# THE DATA
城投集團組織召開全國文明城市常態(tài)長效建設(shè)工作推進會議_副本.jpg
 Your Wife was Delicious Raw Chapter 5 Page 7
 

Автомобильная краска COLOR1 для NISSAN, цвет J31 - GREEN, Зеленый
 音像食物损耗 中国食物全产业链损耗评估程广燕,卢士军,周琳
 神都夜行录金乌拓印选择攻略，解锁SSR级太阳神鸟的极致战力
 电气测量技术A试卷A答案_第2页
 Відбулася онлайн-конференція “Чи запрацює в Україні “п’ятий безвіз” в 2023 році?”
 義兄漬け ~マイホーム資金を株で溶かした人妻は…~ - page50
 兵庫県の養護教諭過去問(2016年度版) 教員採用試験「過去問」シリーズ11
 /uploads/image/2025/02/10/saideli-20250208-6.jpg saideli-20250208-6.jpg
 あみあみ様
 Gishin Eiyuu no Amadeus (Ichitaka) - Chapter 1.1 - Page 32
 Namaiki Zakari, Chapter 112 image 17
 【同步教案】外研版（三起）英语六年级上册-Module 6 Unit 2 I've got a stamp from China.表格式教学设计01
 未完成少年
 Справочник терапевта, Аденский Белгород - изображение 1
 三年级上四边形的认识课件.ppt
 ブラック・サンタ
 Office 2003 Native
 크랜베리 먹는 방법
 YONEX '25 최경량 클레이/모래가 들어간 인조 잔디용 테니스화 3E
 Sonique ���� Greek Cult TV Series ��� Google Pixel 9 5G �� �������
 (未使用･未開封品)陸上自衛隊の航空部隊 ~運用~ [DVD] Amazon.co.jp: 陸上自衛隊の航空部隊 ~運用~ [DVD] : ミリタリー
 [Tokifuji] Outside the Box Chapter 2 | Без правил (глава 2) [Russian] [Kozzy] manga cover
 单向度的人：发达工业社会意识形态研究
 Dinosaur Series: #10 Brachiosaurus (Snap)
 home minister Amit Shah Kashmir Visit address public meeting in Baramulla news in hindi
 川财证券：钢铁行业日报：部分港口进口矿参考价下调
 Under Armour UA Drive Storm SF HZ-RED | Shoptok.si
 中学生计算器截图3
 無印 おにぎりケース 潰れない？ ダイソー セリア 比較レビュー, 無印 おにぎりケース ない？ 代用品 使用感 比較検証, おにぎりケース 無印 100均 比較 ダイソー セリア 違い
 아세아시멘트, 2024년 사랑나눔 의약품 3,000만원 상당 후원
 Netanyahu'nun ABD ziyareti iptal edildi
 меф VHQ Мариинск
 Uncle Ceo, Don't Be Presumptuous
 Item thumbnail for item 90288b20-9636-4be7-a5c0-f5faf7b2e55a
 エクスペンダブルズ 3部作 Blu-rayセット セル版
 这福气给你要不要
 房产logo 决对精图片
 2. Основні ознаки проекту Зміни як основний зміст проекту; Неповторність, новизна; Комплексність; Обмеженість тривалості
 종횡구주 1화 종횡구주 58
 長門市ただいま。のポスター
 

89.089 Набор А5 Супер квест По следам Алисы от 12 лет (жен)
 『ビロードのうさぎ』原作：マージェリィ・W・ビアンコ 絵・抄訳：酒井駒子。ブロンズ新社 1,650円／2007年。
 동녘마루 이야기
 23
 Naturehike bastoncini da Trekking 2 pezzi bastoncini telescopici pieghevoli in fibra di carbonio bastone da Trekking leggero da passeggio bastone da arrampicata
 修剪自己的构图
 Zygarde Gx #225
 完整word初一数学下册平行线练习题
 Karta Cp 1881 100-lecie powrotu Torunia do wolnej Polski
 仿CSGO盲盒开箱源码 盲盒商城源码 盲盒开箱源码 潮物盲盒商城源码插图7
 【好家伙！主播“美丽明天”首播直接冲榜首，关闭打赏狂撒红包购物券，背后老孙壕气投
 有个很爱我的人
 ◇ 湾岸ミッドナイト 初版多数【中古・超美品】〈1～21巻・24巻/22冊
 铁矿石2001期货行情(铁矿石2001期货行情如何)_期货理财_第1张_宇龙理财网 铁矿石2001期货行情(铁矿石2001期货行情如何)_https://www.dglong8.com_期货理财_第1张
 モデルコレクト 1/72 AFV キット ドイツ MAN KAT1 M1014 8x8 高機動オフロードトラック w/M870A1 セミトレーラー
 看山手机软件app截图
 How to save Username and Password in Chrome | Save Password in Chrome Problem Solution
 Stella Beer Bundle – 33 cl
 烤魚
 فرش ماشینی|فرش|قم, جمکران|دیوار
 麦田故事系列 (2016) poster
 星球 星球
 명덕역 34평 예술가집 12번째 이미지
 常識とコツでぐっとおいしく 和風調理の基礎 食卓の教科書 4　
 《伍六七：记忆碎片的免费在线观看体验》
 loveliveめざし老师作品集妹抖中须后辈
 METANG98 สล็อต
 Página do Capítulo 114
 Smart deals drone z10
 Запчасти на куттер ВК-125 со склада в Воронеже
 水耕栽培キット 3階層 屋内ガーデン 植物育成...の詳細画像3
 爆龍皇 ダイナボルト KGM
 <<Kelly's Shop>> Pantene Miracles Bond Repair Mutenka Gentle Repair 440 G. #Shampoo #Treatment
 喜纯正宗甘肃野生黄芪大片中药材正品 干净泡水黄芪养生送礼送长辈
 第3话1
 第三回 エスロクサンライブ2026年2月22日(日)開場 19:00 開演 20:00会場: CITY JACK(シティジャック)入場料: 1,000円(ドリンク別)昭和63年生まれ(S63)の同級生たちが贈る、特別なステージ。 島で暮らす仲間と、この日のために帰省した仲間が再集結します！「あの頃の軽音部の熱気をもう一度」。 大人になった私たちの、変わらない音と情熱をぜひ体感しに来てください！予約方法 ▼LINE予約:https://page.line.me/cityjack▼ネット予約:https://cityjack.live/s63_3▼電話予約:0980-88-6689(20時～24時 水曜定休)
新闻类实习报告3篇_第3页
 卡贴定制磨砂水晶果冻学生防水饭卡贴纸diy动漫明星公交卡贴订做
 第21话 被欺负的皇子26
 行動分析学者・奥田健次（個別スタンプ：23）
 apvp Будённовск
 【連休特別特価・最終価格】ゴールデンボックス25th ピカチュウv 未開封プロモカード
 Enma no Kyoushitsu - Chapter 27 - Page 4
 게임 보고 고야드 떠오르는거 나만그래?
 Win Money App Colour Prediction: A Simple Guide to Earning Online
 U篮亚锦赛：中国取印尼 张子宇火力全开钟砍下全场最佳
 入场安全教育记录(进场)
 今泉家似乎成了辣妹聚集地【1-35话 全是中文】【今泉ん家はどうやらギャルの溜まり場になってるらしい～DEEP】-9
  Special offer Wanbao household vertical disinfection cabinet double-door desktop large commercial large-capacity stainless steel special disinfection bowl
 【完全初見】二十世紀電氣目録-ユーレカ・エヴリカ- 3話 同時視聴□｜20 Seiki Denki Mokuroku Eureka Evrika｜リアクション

# TASK ITEM
Reproducing the whole listing above is not the task. Copy exactly only the lines from the one with "兵庫県の養護教諭過去問(2016年度版) 教員採用試験「過去問」シリーズ11" to the one with "铁矿石2001期货行情(铁矿石2001期货行情如何)_期", both kept.

# SOLUTION FOR THIS TASK
 兵庫県の養護教諭過去問(2016年度版) 教員採用試験「過去問」シリーズ11
 /uploads/image/2025/02/10/saideli-20250208-6.jpg saideli-20250208-6.jpg
 あみあみ様
 Gishin Eiyuu no Amadeus (Ichitaka) - Chapter 1.1 - Page 32
 Namaiki Zakari, Chapter 112 image 17
 【同步教案】外研版（三起）英语六年级上册-Module 6 Unit 2 I've got a stamp from China.表格式教学设计01
 未完成少年
 Справочник терапевта, Аденский Белгород - изображение 1
 三年级上四边形的认识课件.ppt
 ブラック・サンタ
 Office 2003 Native
 크랜베리 먹는 방법
 YONEX '25 최경량 클레이/모래가 들어간 인조 잔디용 테니스화 3E
 Sonique ���� Greek Cult TV Series ��� Google Pixel 9 5G �� �������
 (未使用･未開封品)陸上自衛隊の航空部隊 ~運用~ [DVD] Amazon.co.jp: 陸上自衛隊の航空部隊 ~運用~ [DVD] : ミリタリー
 [Tokifuji] Outside the Box Chapter 2 | Без правил (глава 2) [Russian] [Kozzy] manga cover
 单向度的人：发达工业社会意识形态研究
 Dinosaur Series: #10 Brachiosaurus (Snap)
 home minister Amit Shah Kashmir Visit address public meeting in Baramulla news in hindi
 川财证券：钢铁行业日报：部分港口进口矿参考价下调
 Under Armour UA Drive Storm SF HZ-RED | Shoptok.si
 中学生计算器截图3
 無印 おにぎりケース 潰れない？ ダイソー セリア 比較レビュー, 無印 おにぎりケース ない？ 代用品 使用感 比較検証, おにぎりケース 無印 100均 比較 ダイソー セリア 違い
 아세아시멘트, 2024년 사랑나눔 의약품 3,000만원 상당 후원
 Netanyahu'nun ABD ziyareti iptal edildi
 меф VHQ Мариинск
 Uncle Ceo, Don't Be Presumptuous
 Item thumbnail for item 90288b20-9636-4be7-a5c0-f5faf7b2e55a
 エクスペンダブルズ 3部作 Blu-rayセット セル版
 这福气给你要不要
 房产logo 决对精图片
 2. Основні ознаки проекту Зміни як основний зміст проекту; Неповторність, новизна; Комплексність; Обмеженість тривалості
 종횡구주 1화 종횡구주 58
 長門市ただいま。のポスター
 

89.089 Набор А5 Супер квест По следам Алисы от 12 лет (жен)
 『ビロードのうさぎ』原作：マージェリィ・W・ビアンコ 絵・抄訳：酒井駒子。ブロンズ新社 1,650円／2007年。
 동녘마루 이야기
 23
 Naturehike bastoncini da Trekking 2 pezzi bastoncini telescopici pieghevoli in fibra di carbonio bastone da Trekking leggero da passeggio bastone da arrampicata
 修剪自己的构图
 Zygarde Gx #225
 完整word初一数学下册平行线练习题
 Karta Cp 1881 100-lecie powrotu Torunia do wolnej Polski
 仿CSGO盲盒开箱源码 盲盒商城源码 盲盒开箱源码 潮物盲盒商城源码插图7
 【好家伙！主播“美丽明天”首播直接冲榜首，关闭打赏狂撒红包购物券，背后老孙壕气投
 有个很爱我的人
 ◇ 湾岸ミッドナイト 初版多数【中古・超美品】〈1～21巻・24巻/22冊
 铁矿石2001期货行情(铁矿石2001期货行情如何)_期货理财_第1张_宇龙理财网 铁矿石2001期货行情(铁矿石2001期货行情如何)_https://www.dglong8.com_期货理财_第1张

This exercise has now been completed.